There is so much falseness about Christmas these days, so much expense, so much debt, so much one-up-man-ness, so much guff about the need to be together, so little religion and the simplicity that Christmas started as years ago. There are also the once a year Christians, who go to Christmas Eve Mass and tell all their friends about how they're doing all the right things  On a phone-in on the radio this morning there was a whole feature about the quest for, and finding, the latest must-have and expensive toys and some parents stressing out about not finding said toys for their spoilt little darlings.

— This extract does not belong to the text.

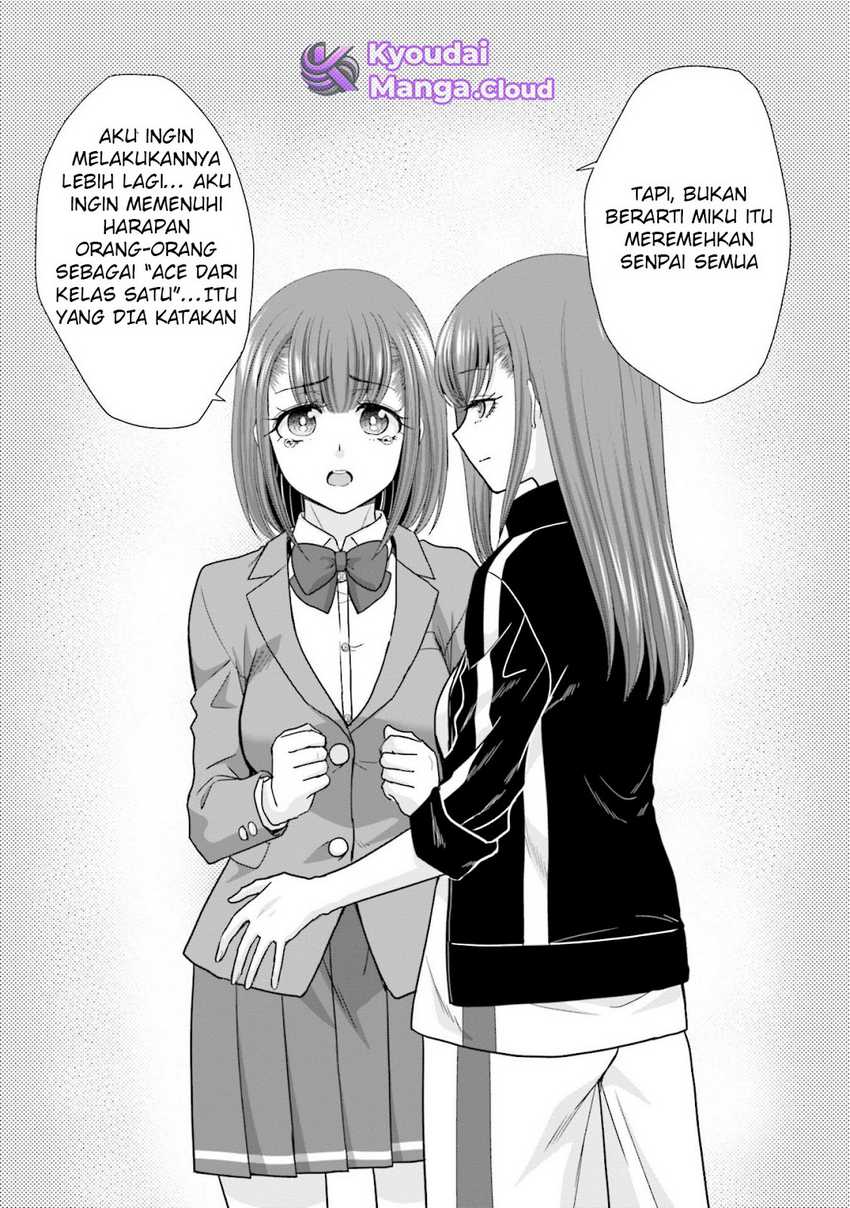 17-sai Kara Yarinaosu Propose Chapter 06 Bahasa Indonesia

Is that Christmas, I'm so glad that I dislike it and shun it and so amused that people find me odd.

Tuesday, 19 December 2017

Such a Frost

The thick mist/fog forecast for overnight didn't appear but a severe frost did and everything was covered in white when I went out to the paper shop at 6.00am. Later, as the sun began to rise in the dawn sky, I arrived at a white reserve in a temperature of -3 degrees.



Everything was covered in a white frost and it looked pretty bleak and foreboding.

 The reserve's cattle just carried on carrying on though, despite the fact that the grass that they were eating was frozen.

At first it was like walking round inside a freezer unit but gradually, as the sun began to radiate a semblance of heat, the frost began to lift and things became more comfortable.

A couple of small parties of Greylag Geese flew into the reserve from their overnight roost on the neighbouring farmland.

 Ice on the surface of the sea wall fleet, the only decent amount of water on most of the reserve.
So anyway, that is how it looked at first light this morning, a reserve frozen in time, pretty much how my frame of mind is at this time of year. Just holding my breath and waiting for the Spring to spur things into new life, just going through the motions. Yesterday, over lunchtime, the regular three of us carried out the monthly Wetland Bird Survey at our designated sections. Mine, the main marsh part of the reserve, came up with a reasonable variety of wildfowl and waders but as usual, thanks to the lack of water, nothing substantial numbers wise. Totals yesterday, among others, of  80 Greylag Geese, 70 Mallard and 110 Shelduck, look pretty pathetic when as recently as 5-7 years ago, when the Flood field was indeed flooded, we were counting wildfowl in the thousands.
I returned later in the afternoon yesterday to then take part in the monthly Harrier Roost Count. It was an amazing sunset in the still, December afternoon but then turned pretty cold as I paced up and down the sea wall waiting for the dusk to increase and my target species the Hen Harrier to suddenly appear  and drop into roost. Eventually, if any did do that, I missed them in the gloom and registered a nought, although up to four have been seen coming out of the roost at dawn in recent days, so Hen Harrier numbers looking better. At the same time, elsewhere on Sheppey, the regular Marsh Harrier roosts were being counted and came up with the amazing total of 103 birds going in to roost, Sheppey really is a national Marsh Harrier stronghold these days. 

Friday, 15 December 2017

A drop of water

Since my last post we have had a few more rainy spells and at long last a trickle of water is beginning to return to the reserve. Take the ditch below, photographed a month or so ago.....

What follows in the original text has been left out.